Abstract

Eavan Boland has been acclaimed as the foremost feminist poet of modern Ireland, and, although she has been accused of resorting to a depoliticized escapist poetry, her poetry stands for a convergence of both the political/national and the feminine in her homeland. Defined and credited as a nation with a mythological history, Ireland has always already been represented through a temporally male perspective. Correspondingly, in the established canon of Irish poetry, time, mostly as a retrospective concept, is a masculine appropriation of history coupled with the archetypal male and female roles, whose spatio-temporal import are to accommodate to the authorized reductionist historiography. Bakhtin’s idea of chronotope is not only an attempt toward the mutual realization of the time/space motif in a literary work, but also the means to the embodiment of a consciousness, an identity.

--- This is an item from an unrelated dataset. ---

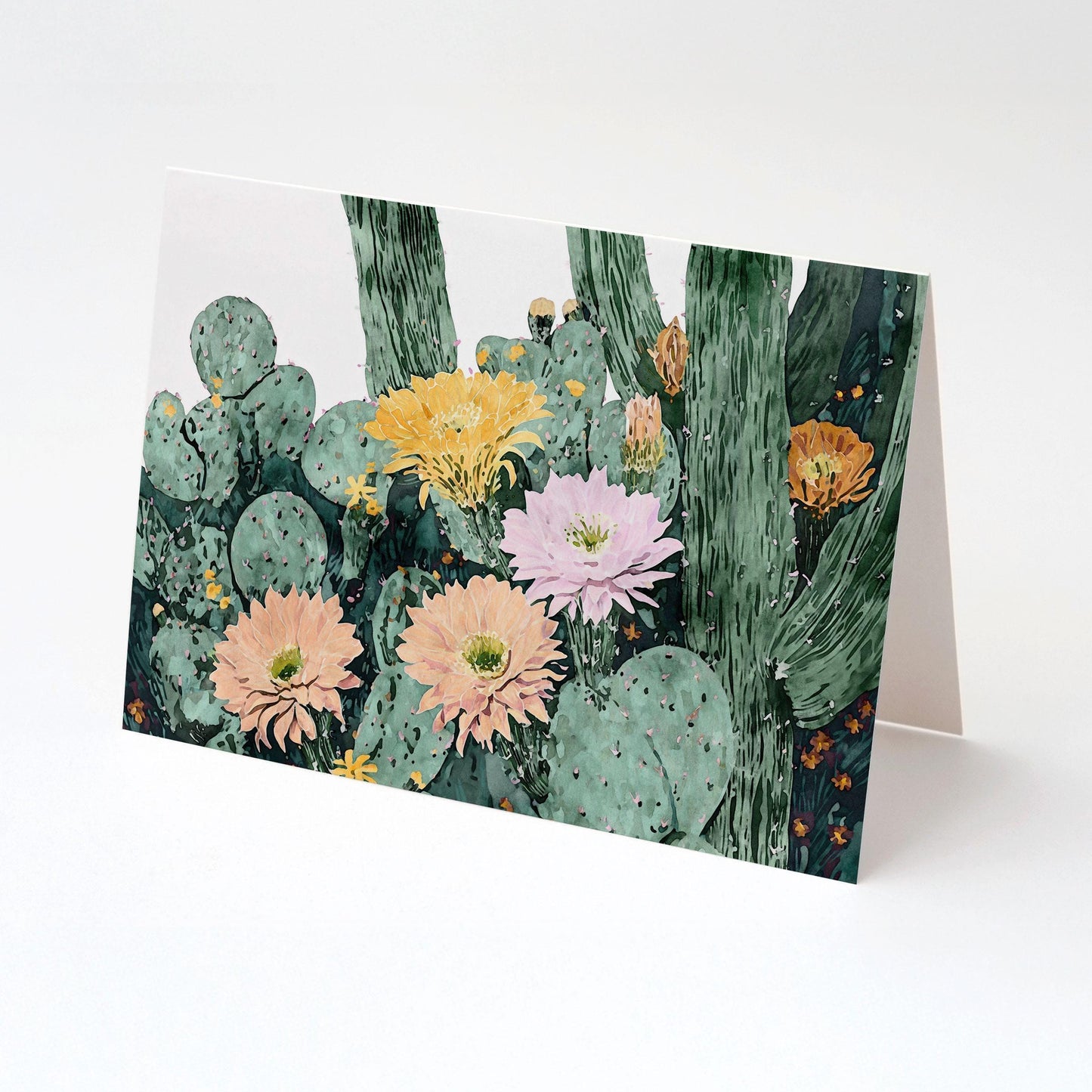 Folded greeting card with watercolor cactus illustration, showing clusters of green pads and tall stems with blooming flowers in peach, pink, yellow, and orange tones, displayed on a clean white background.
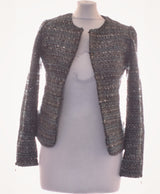 La garantie Once Again : 456222 vêtements d'occasion de marque en état irréprochable.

This study attempts to demonstrate how Boland, in a selection of poems from her collection Outside History (1990), specifically, The Achill Woman, The Making of an Irish Goddess, Daphne Heard with Horror the Addresses of God, and the eponymous poem Outside History, introduces a series of chronotopes which assist her in redefining Irish national history with a feminine hue in the guise of herstory. Furthermore, it will be argued that her poetry may well be seen as a venture to replace the authoritative concept of time as mythology and fiction with a real history.